Re: Hard limit on WAL space used (because PANIC sucks) - Mailing list pgsql-hackers

From Andres Freund
Subject Re: Hard limit on WAL space used (because PANIC sucks)
Date
Msg-id 20140122154155.GJ21170@alap3.anarazel.de
Whole thread Raw
In response to Re: Hard limit on WAL space used (because PANIC sucks)  (Tom Lane <tgl@sss.pgh.pa.us>)
Responses Re: Hard limit on WAL space used (because PANIC sucks)  (Tom Lane <tgl@sss.pgh.pa.us>)
List pgsql-hackers
On 2014-01-21 21:42:19 -0500, Tom Lane wrote:
> Andres Freund <andres@2ndquadrant.com> writes:
> > On 2014-01-21 19:45:19 -0500, Tom Lane wrote:
> >> I don't think that's a comparable case.  Incomplete actions are actions
> >> to be taken immediately, and which the replayer then has to complete
> >> somehow if it doesn't find the rest of the action in the WAL sequence.
> >> The only thing to be done with the records I'm proposing is to remember
> >> their contents (in some fashion) until it's time to apply them.  If you
> >> hit end of WAL you don't really have to do anything.
> 
> > Would that work for the promotion case as well?
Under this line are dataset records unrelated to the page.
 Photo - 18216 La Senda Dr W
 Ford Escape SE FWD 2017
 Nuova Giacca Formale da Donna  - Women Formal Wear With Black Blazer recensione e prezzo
Afair there's the
> > assumption that everything >= TransactionXmin can be looked up in
> > pg_subtrans or in the procarray - which afaics wouldn't be the case with
> > your scheme? And TransactionXmin could very well be below such an
> > "incomplete commit"'s xids afaics.
> 
> Uh, what?  The behavior I'm talking about is *exactly the same*
> as what happens now.  The only change is that the data sent to the
> WAL file is laid out a bit differently, and the replay logic has
> to work harder to reassemble it before it can apply the commit or
> abort action.  If anything outside replay can detect a difference
> at all, that would be a bug.
> 
> Once again: the replayer is not supposed to act immediately on the
> subsidiary records.  It's just supposed to remember their contents
> so it can reattach them to the eventual commit or abort record,
> and then do what it does today to replay the commit or abort.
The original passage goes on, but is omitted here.